You will be introduced into various illusions that are caused by strong winds in flight. If your instructor teaches this properly, this can actually be one of the more enjoyable lessons as it can be very relaxing and a very different experience.
• Read Exercise 20 from the Flight Training Manual
· FTM (Flight Training Manual)
· Aircraft Information Manual/Pilot Operating Handbook (POH)
· VTA and VNC
· Canadian Aviation Regulations (CARs)
· Review how to get to different areas in the practice area.
· Read exercise 20 in the FTM.
• Be able to answer the following questions:
1) How would you determine the height of the ground in the practice area?
2) What illusion is created when flying into the wind?
3) Explain the dangers that might be caused by this situation (strong headwind) if this illusion is misinterpreted? What if it’s a strong tailwind?
4) What are some precautions you should take when flying with a strong tailwind in the practice area?
5) Describe the illusions you should observe when flying at low altitude with strong winds?
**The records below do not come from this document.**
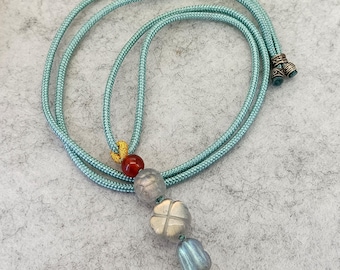 Natural Labradorite Pendant Carved Clover Rabbit Turtle shell Cord Necklace adjustable 14-26 inches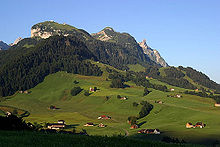 Voralpengebiet Appenzellerland: Blick zur Ebenalp (1640 m)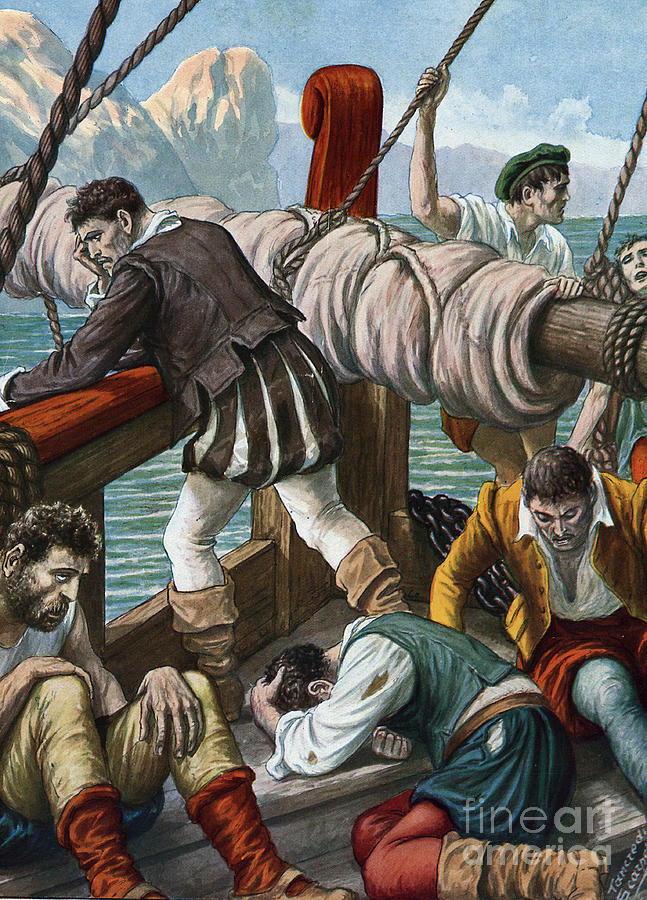 The Crew Of The Ship Of Fernand De Magellan The Trinidad Remains Blocked At  The Moluccas On The Return To Spain At Magellan's Death, Is Decime By  Hunger And Disease, 1521 by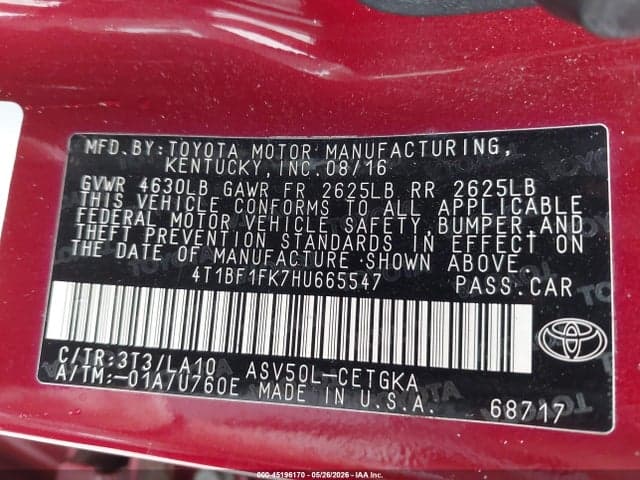 2017 TOYOTA CAMRY XLE 9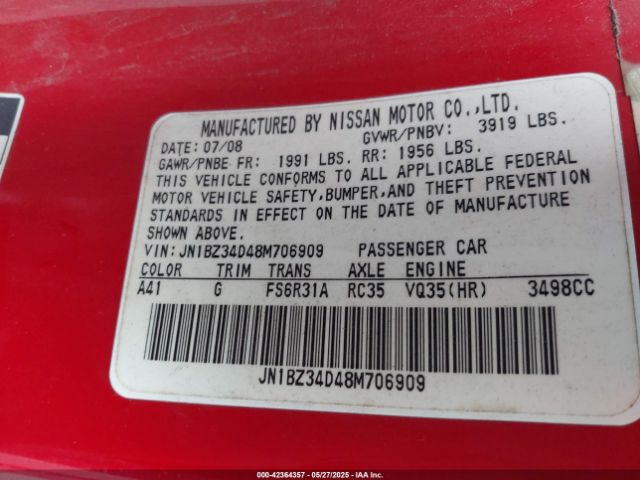 2008 NISSAN 350Z JN1BZ34D48M706909 Photo 8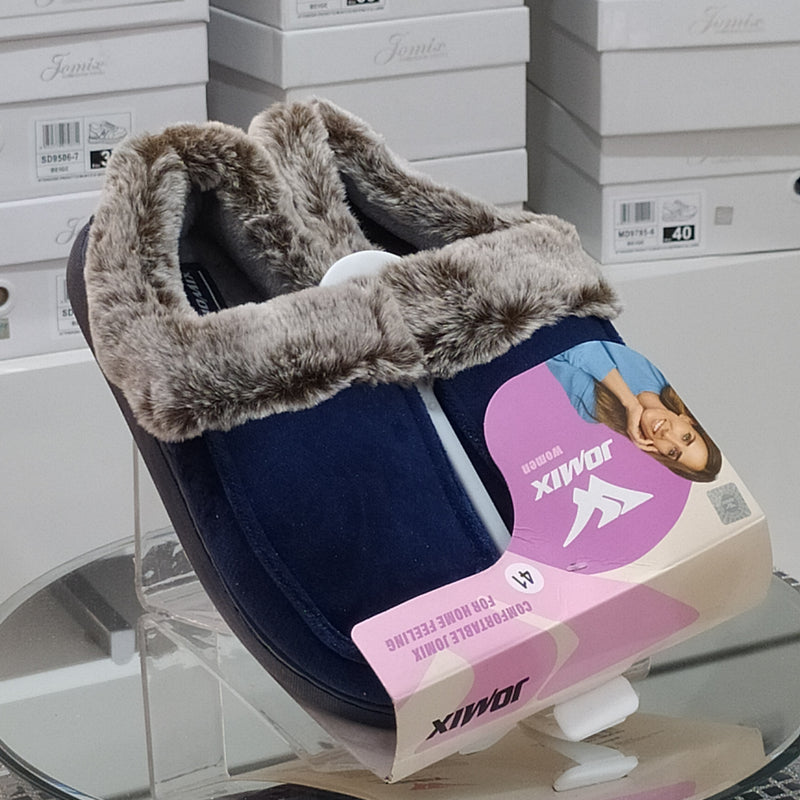 JOMIX - Pantofole/Ciabatte Donna Inverno Chiuse Slip On Tessuto Felpato Morbido Con Suola In Gomma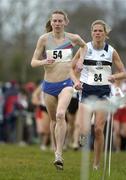 19 February 2005; Eventual first place Jolene Byrne (84), Donore Harriers A.C., trails eventual second place Maria McCambridge (54), Dundrum South Dublin A.C., during the Senior Womens event. AAI National Inter Club Cross Country Championships, Santry, Dublin. Picture credit; Brian Lawless / SPORTSFILE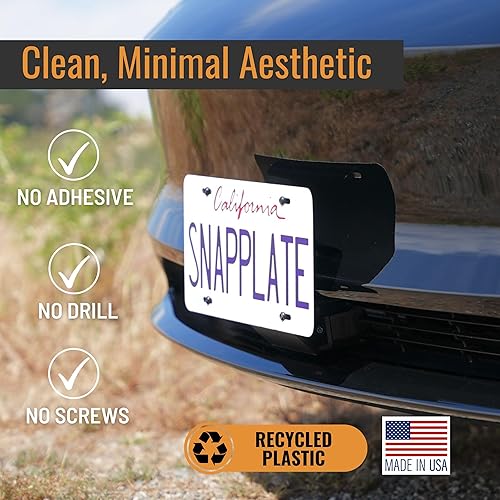 Miniatura 10 de SnapPlate + (Modelo X) Soporte para placa frontal  Fuerza optimizada, antirrobo, extraíble, altura ajustable, fabricado y patentado en Estados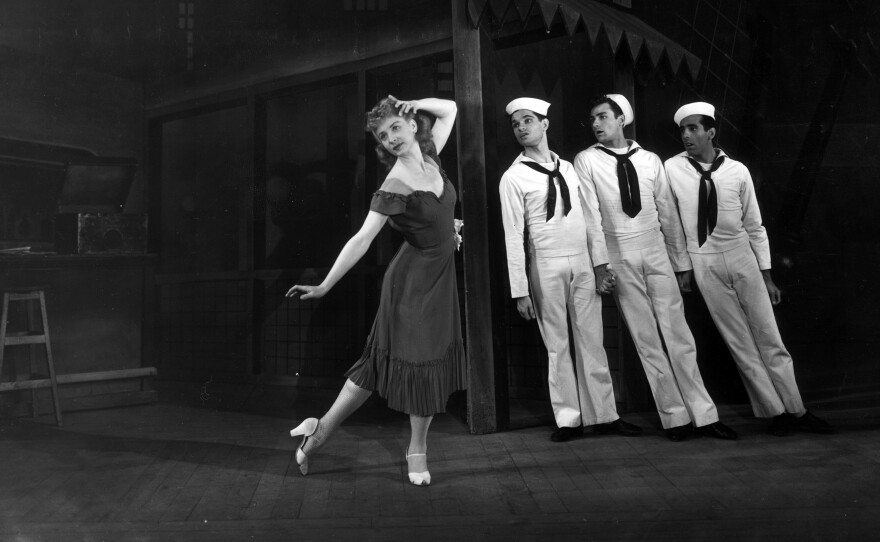 The American Ballet Theatre at London's Covent Garden in 1946, in a production of Leonard Bernstein's ballet <em>Fancy Free</em>. Jerome Robbins (far right) choreographed Bernstein's music.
6) What is the lowest altitude we can fly in a non-built up area?
7) When flying a turn with a constant ground radius in wind, when is the groundspeed the least? What is the relative bank angle at this point?
8) For a given airspeed, how is the turn radius affected by the angle of bank?
· Check the upper winds before the flight to anticipate what kind of illusions can be expected
· When you are flying at low altitudes in the circuit, illusions due to drift will be more apparent over the ground.
· When flying on days with strong winds, cross-reference your instruments! Don’t rely on visual perceptions that you are unsure of (one more reason to do flight instrument check during taxi)
· If gliding into a strong headwind, increase speed to increase range (due to increased groundspeed).
· Turbulence may be greater at low levels, so ensure you are strapped in securely.
· Share your time appropriately between airplane control, maintaining and adjusting the path over the ground, keeping coordinated with rudder pressure and maintaining a visual scan to avoid other aircraft and objects.